I agree with Ray that the proposed mCDF is too large and requires more
complex software than necessary:
On 5/10/22 10:39 AM, Ray Lutz wrote:
...
> ... A flat
> realization may be much more thrifty, where a hex value identifies the
> contests included on the ballot (i.e. the ballot style), and then bits
> indicating whether options are selected...
> This portion is encoded to 313 characters, which is still not terse
> enough! The "compressed flat" approach, which is also a direct
> conversion of the CVR data, takes only 21 (or 14) characters for this
> portion.
To represent contest selections, I do not see the need for a complex
format that can represent arbitrary data structures. Besides being
unnecessarily large, this requires substantially more software (10-100x)
to encode and decode vs a simple custom format specific to representing
contest selection capture (CSC).
Ray mentions a simple "flat" format that is binary formatted. This
proposal is better than the HL7-style proposal both in size and software
requirements. Other compact and efficient alternatives can be invented.

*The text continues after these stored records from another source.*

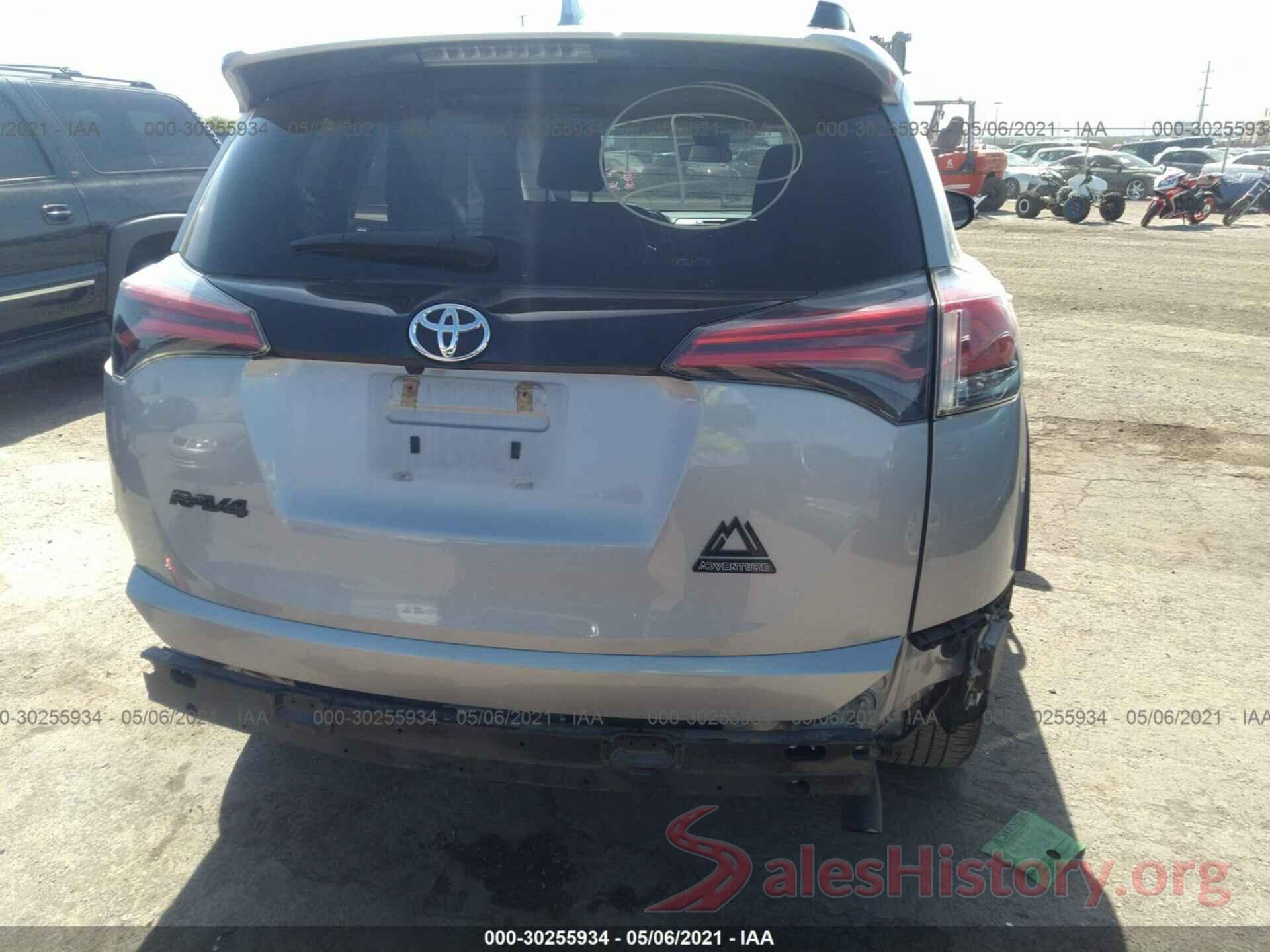 2T3RFREV5JW751137 2018 TOYOTA RAV4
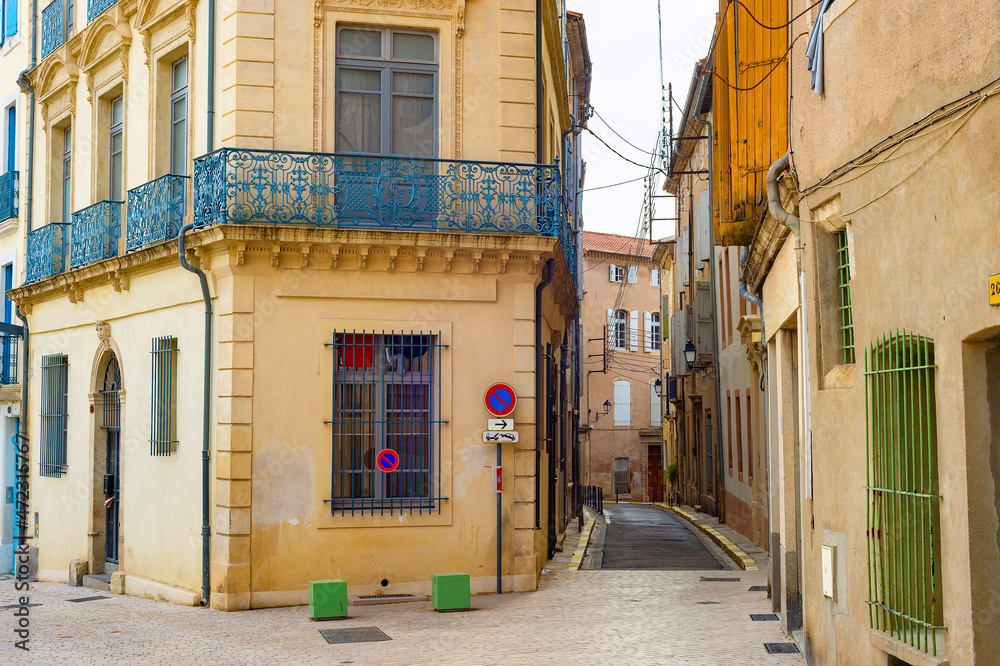 Fototapeta premium Street old town Bеziers France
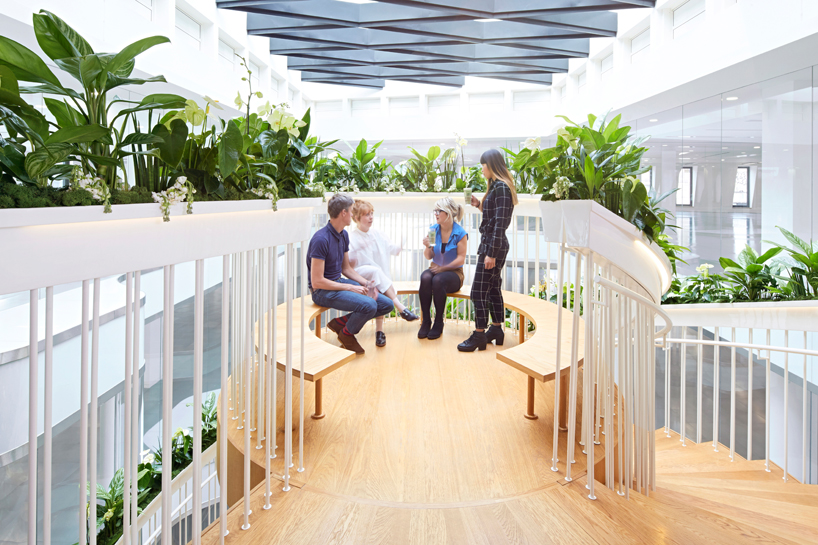 ampersand-living-staircase-paul-cocksedge-designboom-02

I am attaching another example format that is substantially more compact
than HL7, one character per possible selection, also human-readable.
[It's based on a CVR format I used in some in-progress open-source
ballot counting software.]
The format described below may be of no interest to you, so in that case
it's just an example of why I think the HL7 mCDF is excessively complex,
both in size, readability, and software required.
If there is interest, I could create a prototype HTML+Javascript sample
ballot with QR code generator.
The following is a markdown description of the alternative format, and a
PDF version is attached.
You can get a good idea of the format from the "Summary and Example"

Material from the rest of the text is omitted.